■ **Work item**: What you return should be only the lines in the entries below between the one holding "二手出清～日本購買Vivienne Westwood 紅色上衣" and the one holding "7 Room Private House For Sale view 14", ends included, with every picture left out.

━━━━━ Information supplied ━━━━━

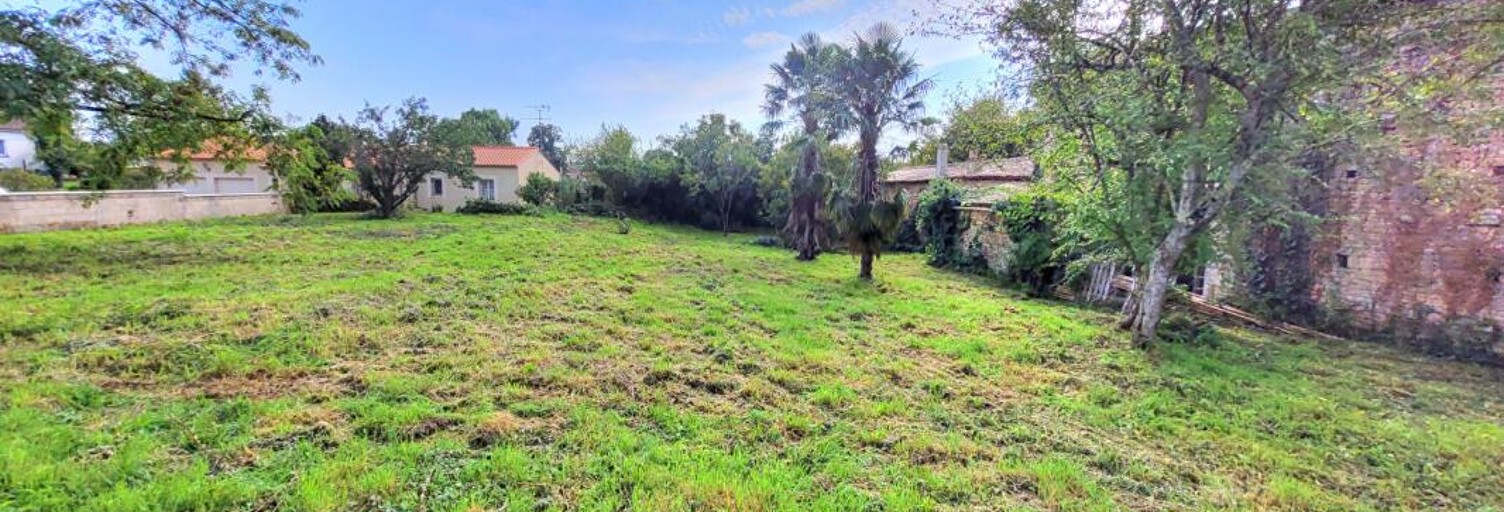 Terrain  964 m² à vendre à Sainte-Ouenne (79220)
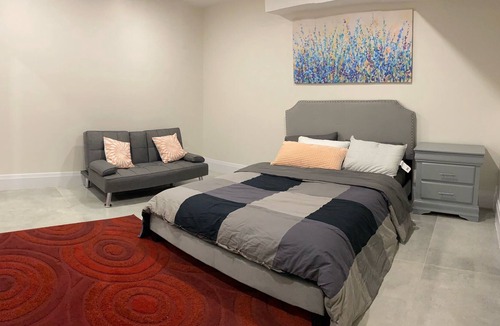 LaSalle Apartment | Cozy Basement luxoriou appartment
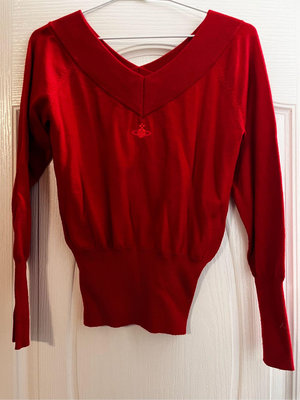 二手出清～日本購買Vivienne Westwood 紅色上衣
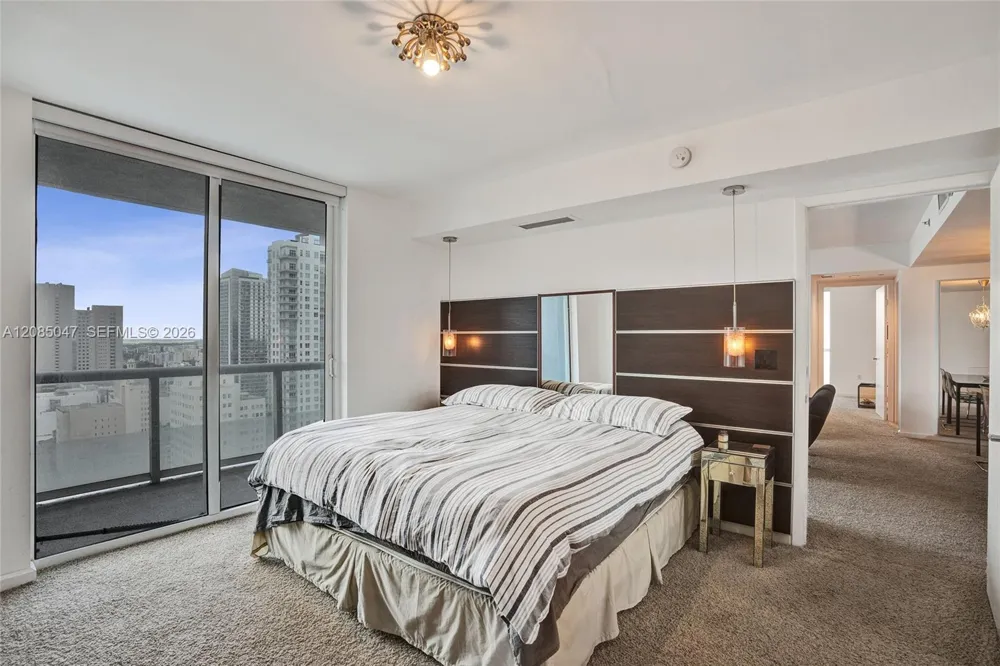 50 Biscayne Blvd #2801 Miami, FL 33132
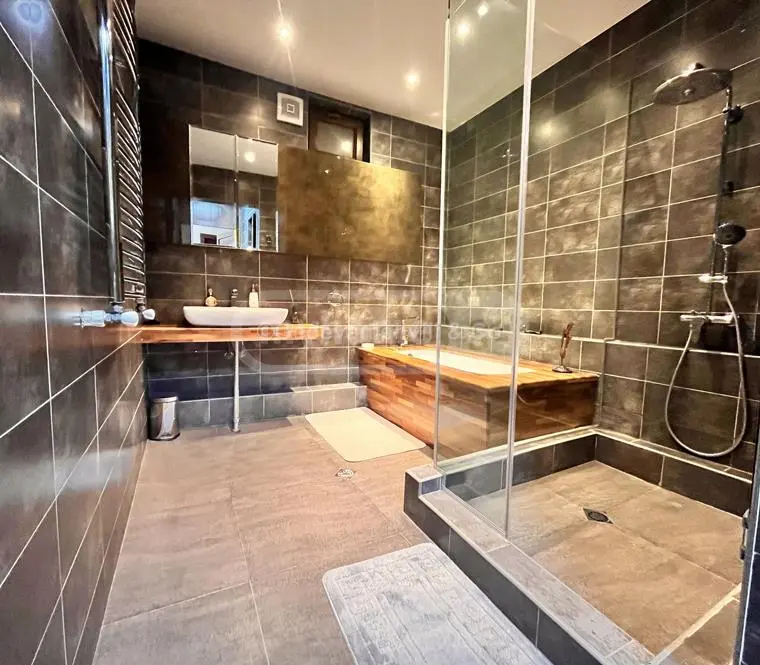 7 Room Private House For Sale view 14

━━━━━
━━━━━ Information supplied ━━━━━

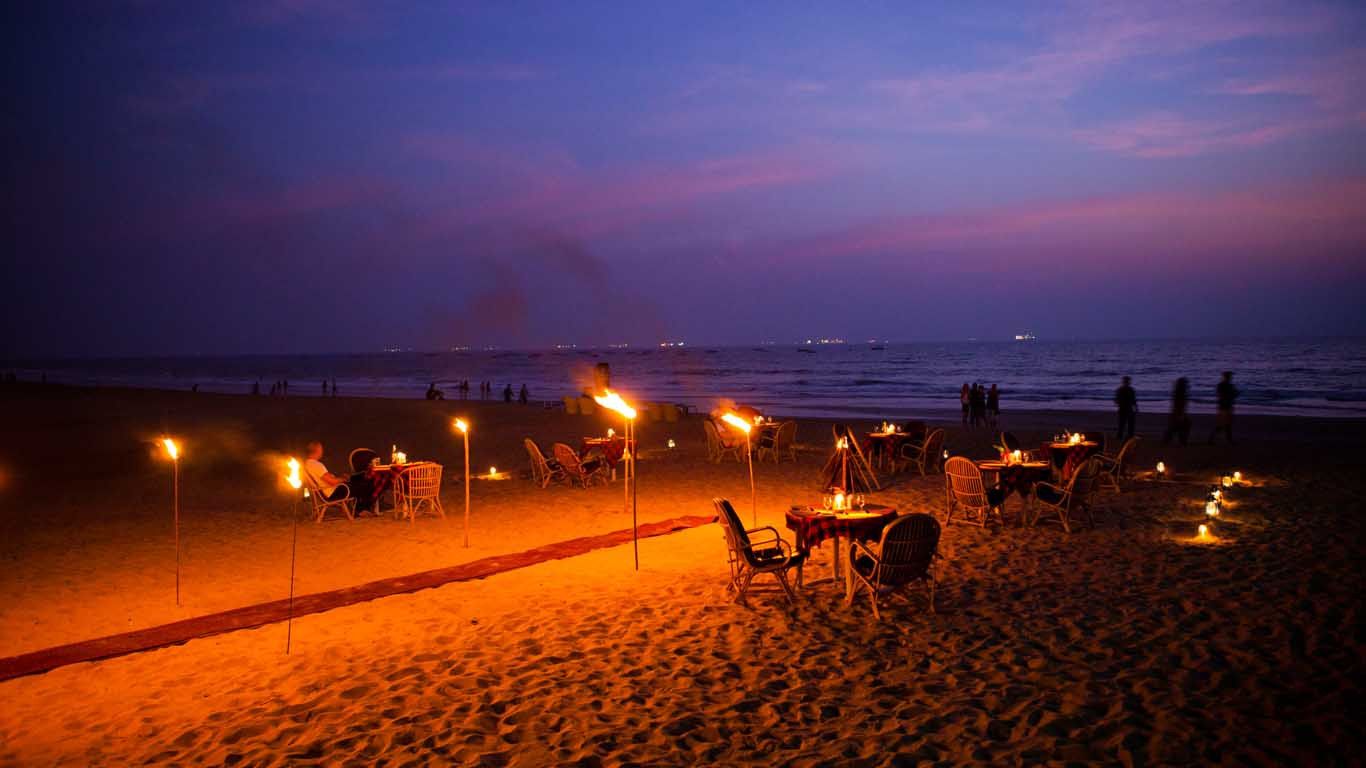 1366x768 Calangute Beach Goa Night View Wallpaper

━━━━━

■ **Written response**:
 二手出清～日本購買Vivienne Westwood 紅色上衣
 50 Biscayne Blvd #2801 Miami, FL 33132
 7 Room Private House For Sale view 14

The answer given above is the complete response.